Le sourire en coin se garde de commentaire, mais laisse deviner la pensée sous-jacente : Il se doutait bien qu'elle était du genre " on the top " ... « Ouuuuh ! » Siffle-t-il aux premières notes de musique, visiblement séduit par le choix de la rouquine. Son casque ondulant au rythme des basses en témoigne tandis qu'ils commencent leur ascension sans rencontrer d'autres difficultés que celle de choisir les meilleures prises. Mills se concentre. Il n'a toujours pas soigné cette clavicule cassée en avril et la sent se dérober chaque fois qu'il lève le bras un peu trop haut. Sofia a mieux à faire que de le retaper en ce moment, l'agent en est persuadé, mais il note tout de même de revenir vers la kiné assez rapidement, car, à la vitesse à laquelle se compliquent leurs sorties escalade, le dévers risque de lui donner du fil à retordre. Ou de le tuer, tout simplement. Ce serait triste de se rompre le cou aussi bêtement après avoir survécu à une balle en pleine tête. Mais tous ses proches pourraient en témoigner : Mills prend bien mieux soin des autres que de lui-même ...
« Je saute en parachute la semaine prochaine. J'accompagne une amie pour qui c'est la première fois. »« Ça c'est de la sortie entre meufs ! » S'exclame-t-il, imaginant une pauvre fille pas du tout préparée se faire pousser de l'avion par une Ashley arborant ce petit sourire innocent qu'il commence à reconnaître lorsqu'elle le prend de haut. Ok, peut-être que Mills diabolise un peu l'américaine et que ce genre de comportement relèverait davantage des farces que lui-même serait prêt à faire à ses recrues. Nostalgique, l'agent se remémore les missions en Irak et la puérilité du comportement de leurs troupes à certains moments, comme si l'insouciance était le seul moyen d'oublier les horreurs croisées au cours de leurs missions et de leurs entraînements. « Vous sautez où ? » La curiosité de l'agent est plus sincère qu'on ne pourrait l'imaginer. Évidemment, Jackson cherchera systématiquement à en apprendre plus sur sa cible - on le paye pour ça - mais c'est avant tout l'amateur de sensations fortes qui s'exprime. « T'as checké qu'elle a pas le vertige, au moins ? » Plaisante-t-il alors que leur grimpe les amène peu à peu à une bonne dizaine de mètres du sol.

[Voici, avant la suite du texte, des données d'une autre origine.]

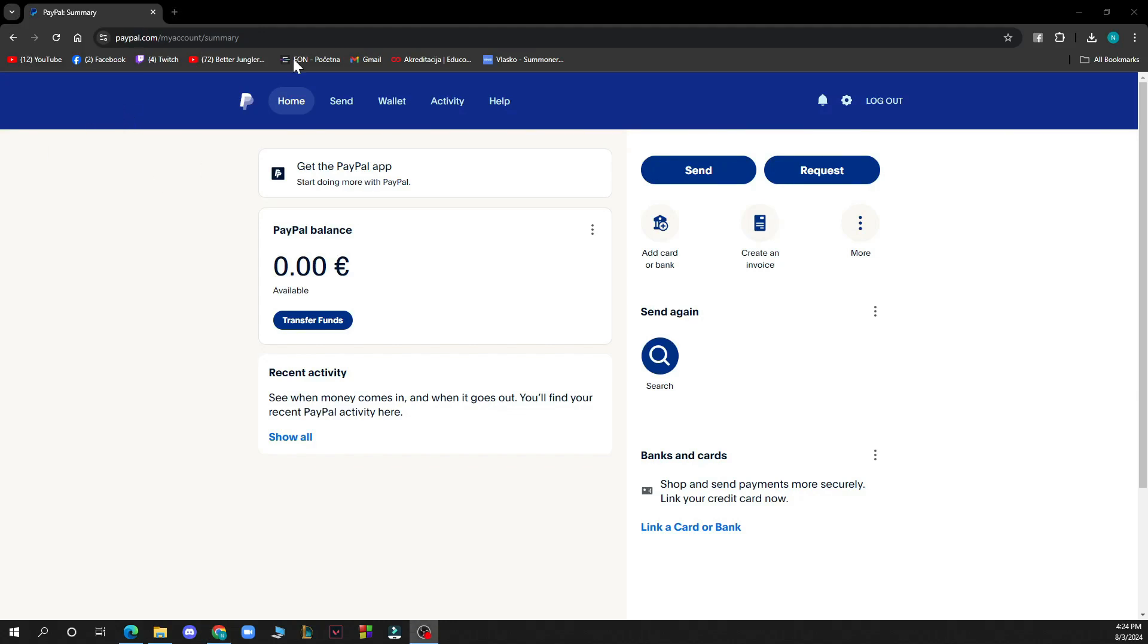Hello guys and welcome back to this channel. For today, I'll be showing you how to add a bank account to PayPal.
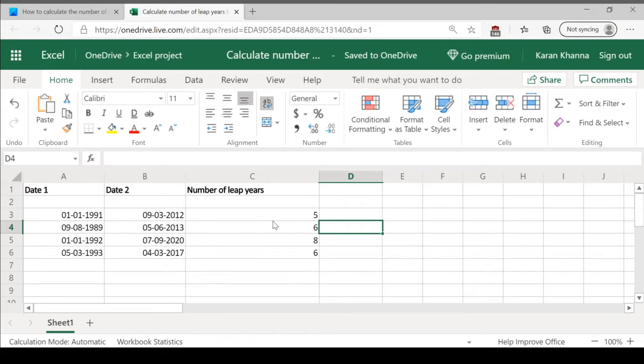You need the number of leap years between two consecutive dates in the same row across those two columns in a third column.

Des réminiscences de ce jour où l'une de ses recrues les plus intrépides s'était tout simplement pissée dessus face à la nécessité de descendre en rappel lui reviennent à l'esprit. Personne jusqu'alors n'aurait soupçonné ce gros malabar d'être capable de couiner à ce point face au vide. En tant que formateur, Jackson s'était efforcé de rester impassible, mais le seul souvenir de la scène suffit à le faire glousser. Il lui coûte beaucoup de sacrifices, mais l'agent aime de tout son cœur ce métier dangereux et ultra sollicitant.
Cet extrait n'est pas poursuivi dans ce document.